It’s the worst feeling. You’re lying in bed and you can’t move. You can hear footsteps coming up the stairs and you know if you don’t get up right now and do something, you’re in serious trouble…
Sleep paralysis (or REM atonia if you want to get all technical) is not a funny thing. I didn’t know what it was at first, but having done some research I was delighted to find that I’m not the only one who suffers from the damned thing. Apparently 25-30% of the general population also suffer from it (including the singer Sheryl Crow).
Sleep paralysis is a greatly misunderstood thing and is commonly linked with the paranormal because people just can’t get their heads around what’s going on. People find they wake up but they can’t move, usually for a few seconds but sometimes for several minutes. The sleep disorder is known under many different names, none of which sound very appealing. ‘Old Hag Syndrome’ is perhaps my favourite description. The term comes from the old belief that a witch or ‘old hag’ sits on the chest of her victims and paralyses them. When you look at the list of symptoms that accompany sleep paralysis you can understand why some people believe they are being attacked in their beds by the supernatural:
- Strange smells;
- The sound of approaching footsteps;
- Seeing ‘shadow people’ or feeling as if someone else is in the room;
- Feeling a weight on your chest as if something is sitting on you making it difficult to breath;
- Hearing doors opening and closing;
- Hearing voices or a loud buzzing noise.
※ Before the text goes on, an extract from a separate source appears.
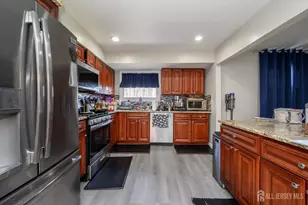 42 Sefton Cir, Piscataway Township, NJ 08854 - Photo 8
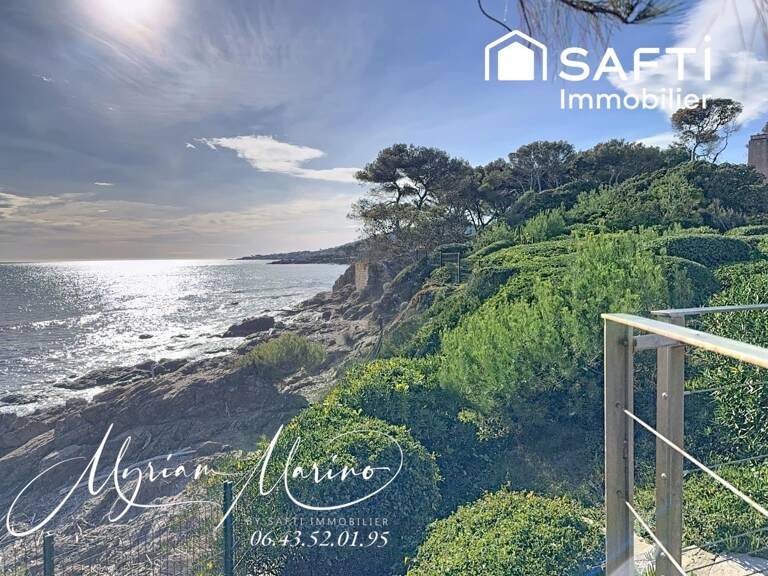SAINT-AYGULF  3 PIÈCES EN DUPLEX ET VUE MER  TERRASSE  LES CORAILLEURS — photo 1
This isn’t an exhaustive list and people are welcome to add to it in the comments section below if they wish.
In reality, I’m pleased to say that sleep paralysis isn’t caused by something on the ‘other side’ on a mission to get you. When you sleep the brain prevents you acting out your dreams – let’s face it, you’re not going to last long if your body lets you re-enact a dream about being able to fly out of your bedroom window. Sometimes when you wake up the brain is a bit late in reconnecting everything again and you find that you can’t move for several seconds or, as mentioned before, sometimes several minutes.
For me, during sleep paralysis, I’m aware of what’s going on around me and those footsteps coming up the stairs are very frightening indeed, so I can understand why people think they’re being haunted.
Is there a cure? Well, some of the contributing factors that cause sleep paralysis are sleeping on your back, having an irregular sleep pattern (taking naps or having long lie ins), sleep deprivation, stress and sudden environment or lifestyle changes. For most people, it would seem that avoiding sleep deprivation is a good place to start. Also, changing your sleeping position so you’re not sleeping on your back helps – perhaps this restricts landing space for that pesky old hag. A quick Google search will also lead you to other websites with helpful information.